Last night’s Oscars telecast showcased the essence of what’s wrong with Hollywood.
The good was on display, too, in the “Happy” song performance, with its unabashedly bright, cheerful tone, smart, jazzy moves and mixed-age dancers in a burst of energy and talent that matched the song. Jared Leto’s gentle reminder to remember those we’ve lost to AIDS, those who bear the burden of injustice and the single parent who rises above adversity to raise a child with grace, skill and self-respect was moving, punctuated by a refreshing streak of activism to root for those oppressed in Ukraine and Venezuela. Lupita Nyong’o recognized that the performance for which she was chosen by her peers for the highest praise was made possible by a slave, a cold, hard and rational point which was perfect. Sally Field’s tribute to heroism was well done. So was Pink’s sincerely rendered version of “Over the Rainbow” from The Wizard of Oz. Best Picture winner 12 Years a Slave director Steve McQueen’s acceptance, introduced by producer Brad Pitt, showed why the director understood the theme of Solomon Northrup’s book better than most understand that a serious movie about slavery is superior to a perceptually-bound immersion like Gravity. McQueen asserted that every individual deserves to live, not just survive.
The evening started with an amusing monologue by hostess Ellen DeGeneres.
That’s when the trouble began. For whatever reason, the typically benign DeGeneres made jokes at other people’s expense, putting nominees and legendary stars on the spot – as past cynics have done in these tired routines – and then spent most of the evening roaming and assaulting the audience. A pizza delivery bit was stupid, a photo of a cluster of guests was an equally pointless gesture, and everything DeGeneres did seemed intended to sneer at nominees’ ability and works of art and destroy any sense of glamor. She didn’t host as much as deride, like an overbearing party guest who knocks everything and doesn’t let up. She had help from the show’s directors, who in what seemed like an overly rehearsed production down to the pizza schtick and photo gag, apparently forgot to rehearse how to operate a camera for television. The whole telecast seemed like a closed-circuit broadcast for industry insiders on how not to do the Oscars, like one of those amateur government agency videos that Fox News airs to blow the lid off the latest waste of taxpayer money.

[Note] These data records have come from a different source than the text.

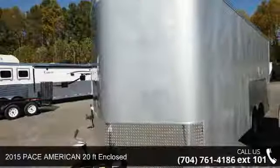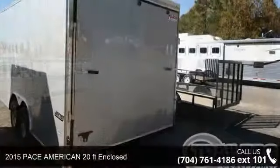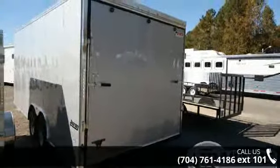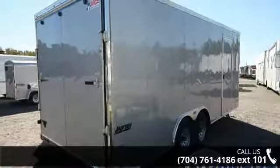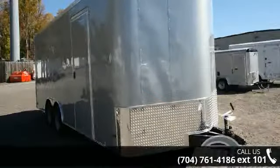Up for sale is a 2015 PAC American 20 feet enclosed trailer. This trailer is ready for the road. Financing options are also available for qualified buyers. Call now to ask the dealer about this unit. We are sure to have a quality trailer that fits your needs.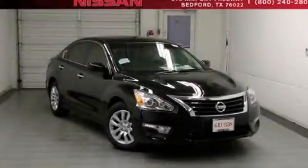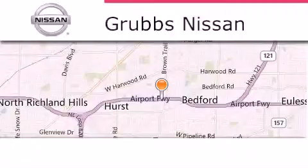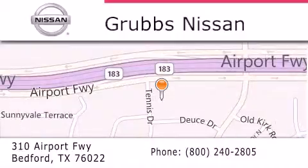Contact us today to arrange your test drive. Thank you for considering Grubbs Nissan for your next luxury vehicle. If you have any questions, please visit our website, give us a call, or stop by our dealership located at 310 Airport Freeway in Bedford.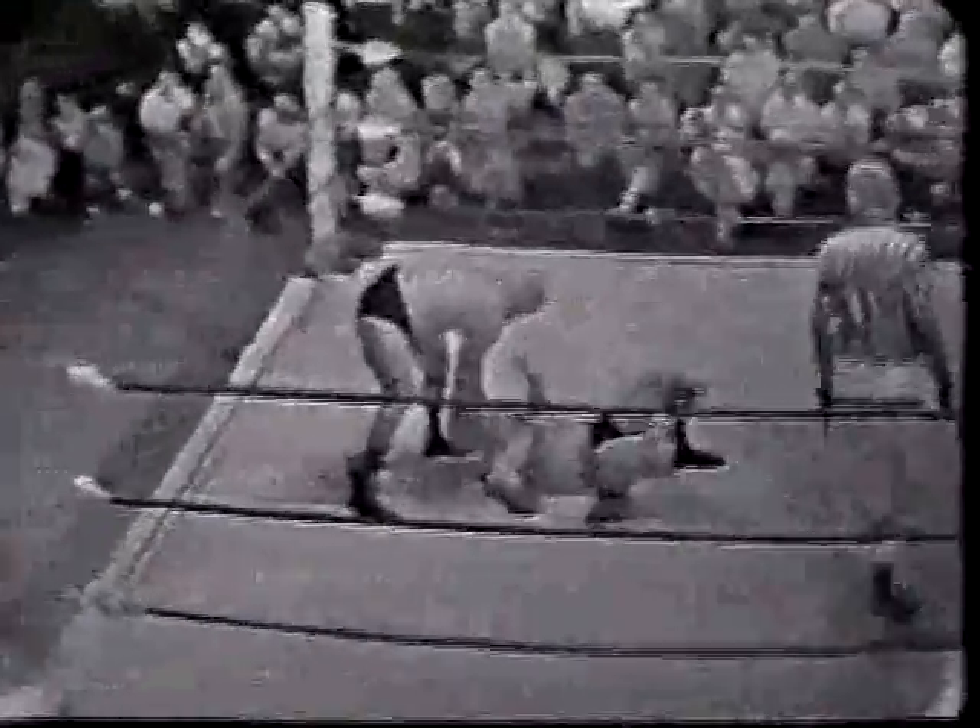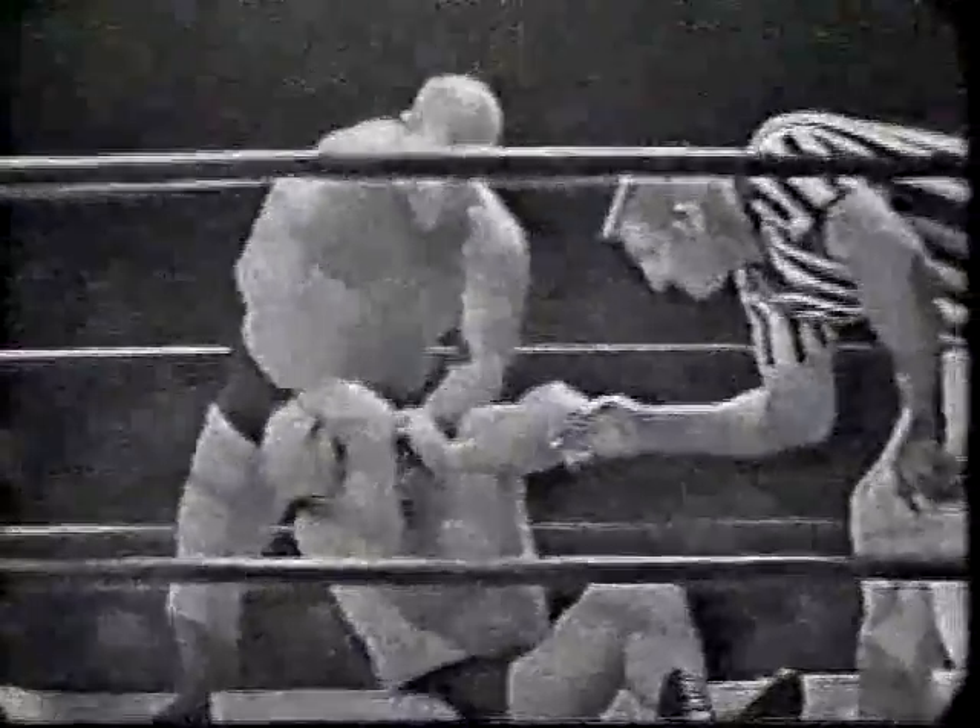A couple of beefy toes right to the midsection as Bruiser again lashes Dolly back into that buckle. And again takes him down in a flying mare, and then places upon him the chin lock, which has, to my knowledge, never received a submission from any opponent.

The technical aspects of last night’s show were that bad.
Best Actress winner Cate Blanchett, who already attacked Judy Garland this awards season and is becoming as misanthropic as the characters she portrays, said it best when she accepted the Academy Award for her role in a Woody Allen movie and promptly but no less deliberately chucked the Best Actress Oscar as a “random and subjective award.” Blanchett captured both the fact that Hollywood is centered on itself, not on its audience, nourishing ability and celebrating art, and what Hollywood thinks of itself, which doesn’t amount to much. But this view is distorted. People of ability in Hollywood create beautiful gowns and elegant menswear and write, create and produce thought-provoking movies such as The Artist, The King’s Speech, Mud, Philomena, Dallas Buyers Club and 12 Years a Slave. Some are newcomers like Lupita Nyong’o, who evoked what was once called the American Dream. Some like Leto, Dench, Hopkins, Minnelli and Redford have worked for years. Many remain undiscovered and they look to the Oscars for affirmation that a commitment to a career in art is possible. Too much of what they got last night was evidence that success will be rewarded with a self-centered snapshot, a piece of pizza and a put-down.